The eval_results Contract#

step.toml declares a single produced artifact.

Field

Value

type

eval_results

description

Benchmark metrics, artifacts, and evaluation summaries produced by NeMo Evaluator.

The contract is intentionally loose. Nemotron does not normalize evaluator outputs. NeMo Evaluator Launcher owns the exact file set and directory shape under the configured output_dir.

Launcher Config#

Before calling the launcher, the step saves the resolved launcher config and prints:

launcher_config: <path>

If the launcher returns an invocation id, the step also prints:

launcher_invocation_id: <id>
status_command: nemo-evaluator-launcher status <id>
logs_command: nemo-evaluator-launcher logs <id>

Those commands are the source of truth for job state and logs after submission.

Directory Layout#

The base output directory is output_dir, copied into execution.output_dir. The exact files inside that directory depend on the configured launcher tasks.

For the hosted chat smoke test, inspect:

find ./output/eval-tiny-chat -maxdepth 5 -type f | sort

For checkpoint evaluation, inspect the output directory you supplied:

find ./output/eval-megatron -maxdepth 5 -type f | sort

Comparing Runs#

Evaluation results carry meaning when paired with another evaluation. A trained checkpoint is scored against a baseline, a new prompt format is scored against an older one, and a quantized export is scored against the unquantized weights. The comparison is honest when the surrounding configuration is held constant.

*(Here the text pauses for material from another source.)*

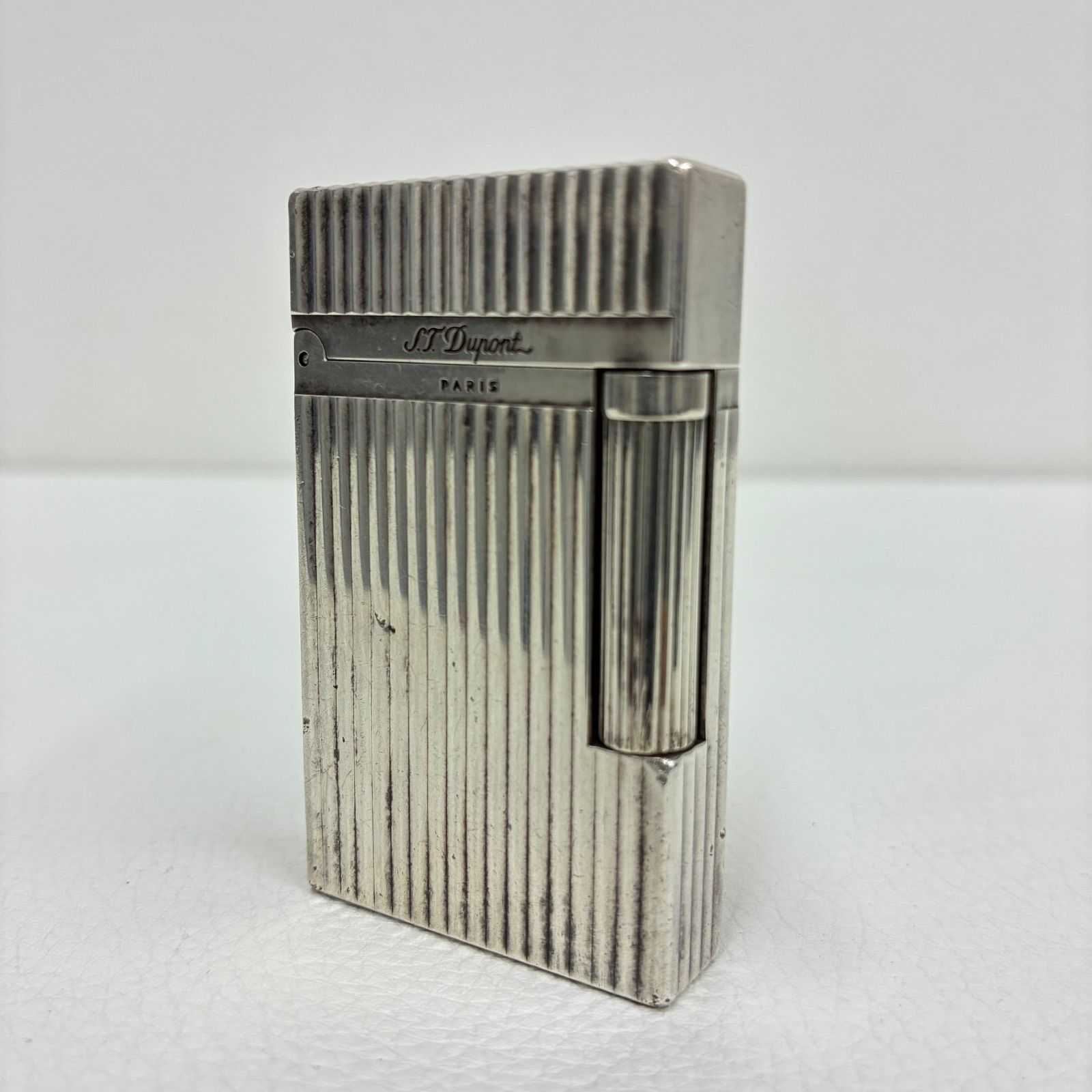 S.T.Dupont エス・テー・デュポン　ガスライター　ライン2 シルバー 石なし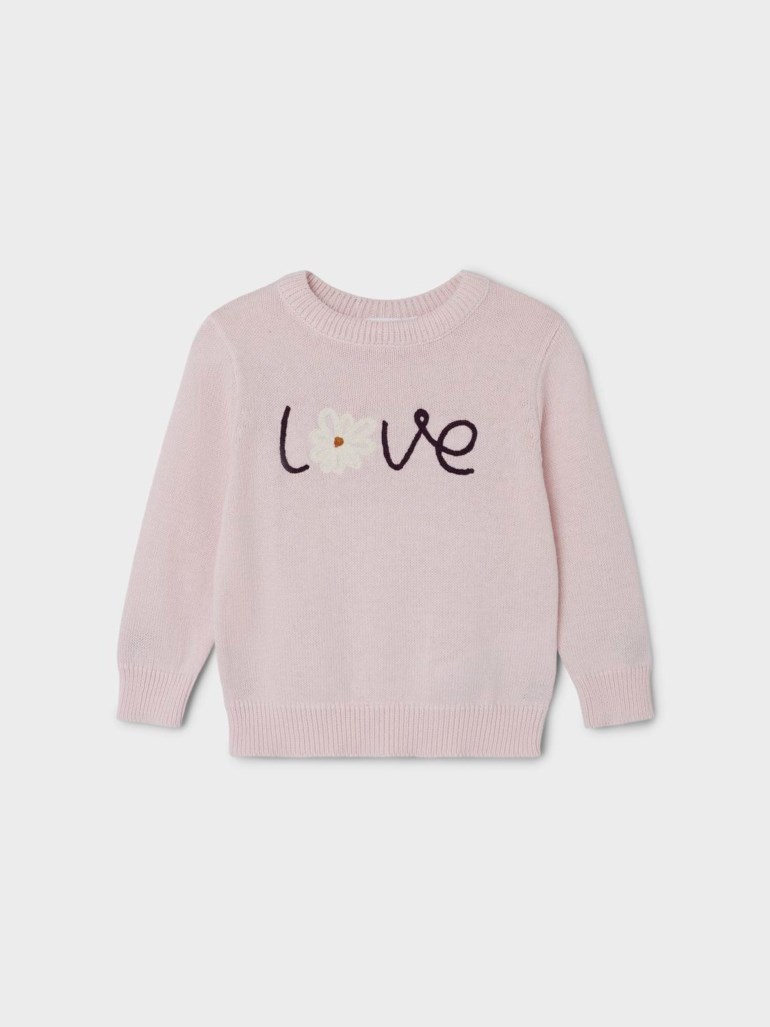 Losette strikket genser Rosa - undefined - 1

Apply the following practices before treating any single evaluation as a result.

  • Run a lightweight baseline before the training, conversion, or quantization step you are measuring.

  • Snapshot the exact evaluation config, including config file name, output_dir, endpoint fields, task list, tokenizer, and generation parameters.

  • Place a date or run identifier in output_dir so baseline and post-change directories live side by side.

  • Keep endpoint type, task versions, tokenizer, and generation parameters identical between runs.

  • Rerun the baseline task set first before exploring new tasks.